# Alligator lizards



## patrickfraser (Mar 19, 2015)

I was picking up some fallen oranges under my orange tree when I noticed 4 eyes staring at me. It was a pair of alligator lizards that I thought were fighting because one was biting the other's neck, but they were not moving at all. I was able to grab them up in one hand with no problem. I threw them in a critter keeper and put in some roaches and a water dish.

I just looked in on them and one is biting the other again and I believe they are mating.

Does anybody have any experience with these? I will probably let them go so they can carry on in nature, but thought I'd keep for a bit and observe.


----------



## Jay (Mar 19, 2015)

I believe they eat other lizards as well as anything smaller than them that moves, (insects, worms, arachnids) short of bombarder beetles and ants.

If you have not experienced yet, they bite hard enough to draw blood.
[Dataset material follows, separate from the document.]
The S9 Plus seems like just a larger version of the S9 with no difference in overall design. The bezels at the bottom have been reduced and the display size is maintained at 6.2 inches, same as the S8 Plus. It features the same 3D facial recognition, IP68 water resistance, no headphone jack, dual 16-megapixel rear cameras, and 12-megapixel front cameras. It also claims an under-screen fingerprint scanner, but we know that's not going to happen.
The Audubon Society field guide to Reptiles and Amphibians is always very helpful as it goes with what to expect with breeding, feeding and timing of egg laying.

I hope this helps.


----------



## dwalls247 (Mar 19, 2015)

I believe those are a type of skink,and yes that does look like they are mating not fighting.Alot of reptile males will hold the female by the neck during mating,my bearded dragons did that when I used to breed them,same with crested geckos.


----------



## Denny1st (Mar 19, 2015)

I think its a species of skink also. We sell blue tounged skinks, five lined skinks and fire bellied skinks. This looks similar to a blue tounged except for the pattern but it might give live birth like blue tounges but I'm not for sure. bWith many lizards the male is rough like that to the female while mating. I've kept leopard and crested geckos and hey both do that. The crested male makes squeaking sounds. I've only hatched crested and never had any luck with an incubator for leopards. I will do some research since I am curious to know what species this is and I'll post what I find.


----------



## dwalls247 (Mar 19, 2015)

Also,Id check online to see what skink species are native to your area before releasing them back into the wild,they might have been pets at one time.If they aren't native you wouldn't want to put them back in the wild.


----------



## Denny1st (Mar 19, 2015)

I found on a site it said there's two species of skinks found in California. One was Gilbert's skink and I can't remember the other but neither looked like this. Unless it's some invasive species I don't think its a skink? I think he's right it is an alligator lizard not a skink though. http://www.californiaherps.com/identification/lizardsid/lizards.id.html#alligators


----------



## patrickfraser (Mar 20, 2015)

I guess they are considered southern alligator lizards. I am in southern California and have seen these all the time in my area. Growing up I just called them alligator lizards. I guess the scientific name is Elgaria multicarinata_,_ but alligator lizard works for me. There will be no problem releasing them back into the wild to continue their life. I just thought it would be cool to watch them a while.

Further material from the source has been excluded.